Chiropractor, Dr. Richard Amato examined the plaintiff on November 7, 2012, and submits an affidavit stating that he reviewed the reports of Dr. Lachmann at Best Care Medical as well as the MRIs. He states that the plaintiff was treated with physical therapy for eleven months. The symptoms did not resolve and he had reached the point of maximum benefit from medical treatment for his injuries. Dr. Amato states that at the time of his examination in November 2012, the plaintiff still had complaints of pain in his lower back and neck. Dr. Amato performed objective range of motion testing and found that the plaintiff had significant limitations of range of motion of the lumbar spine ane cervical spine. Dr. Amato states that because there has been little change in restriction of range of motion that plaintiff exhibited over the past three years, it is his belief that the injuries are permanent and have resulted in a consequential limitation of the back and neck and significant limitation of use of a body system which is causally related to the accident of May 14, 2009.
In his affidavit the plaintiff states that subsequent to his accident he came under the care of Best Medical Practice, Dr. Leslie Theodore, and Dr. Richard Amato. He treated continuously for eleven months following the accident. He then stopped treatment because he was told that he reached maximum benefit. He also states that his no fault benefits were terminated and he could not afford to have further treatment. He states that he still experiences pain from the injuries sustained in the accident on a daily basis for which he takes over the counter pain relievers.
On a motion for summary judgment, where the issue is whether the plaintiff has sustained a serious injury under the no-fault law, the defendant bears the initial burden of presenting competent evidence that there is no cause of action (Wadford v. Gruz, 35 AD3d 258 [1st Dept. 2006]). "[A] defendant can establish that [a] plaintiff's injuries are not serious within the meaning of Insurance Law § 5102 (d) by submitting the affidavits or affirmations of medical experts who examined the plaintiff and conclude that no objective medical findings support the plaintiff's claim" (Grossman v Wright, 268 AD2d 79 [1st Dept. 2000]). Whether a plaintiff has sustained a serious injury is initially a question of law for the Court (Licari v Elliott, 57 NY2d 230 [1982]).

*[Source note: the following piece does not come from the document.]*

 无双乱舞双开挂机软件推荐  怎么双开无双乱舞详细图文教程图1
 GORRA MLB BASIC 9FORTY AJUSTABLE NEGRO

Where defendants' motion for summary judgment properly raises an issue as to whether a serious injury has been sustained, it is incumbent upon the plaintiff to produce evidentiary proof in admissible form in support of his or her allegations. The burden, in other words, shifts to the plaintiff to come forward with sufficient evidence to demonstrate the existence of an issue of fact as to whether he or she suffered a serious injury (see Gaddy v. Eyler, 79 NY2d 955 [1992]; Zuckerman v. City of New York, 49 NY2d 557[1980]; Grossman v Wright, 268 AD2d 79 [2d Dept 2000]).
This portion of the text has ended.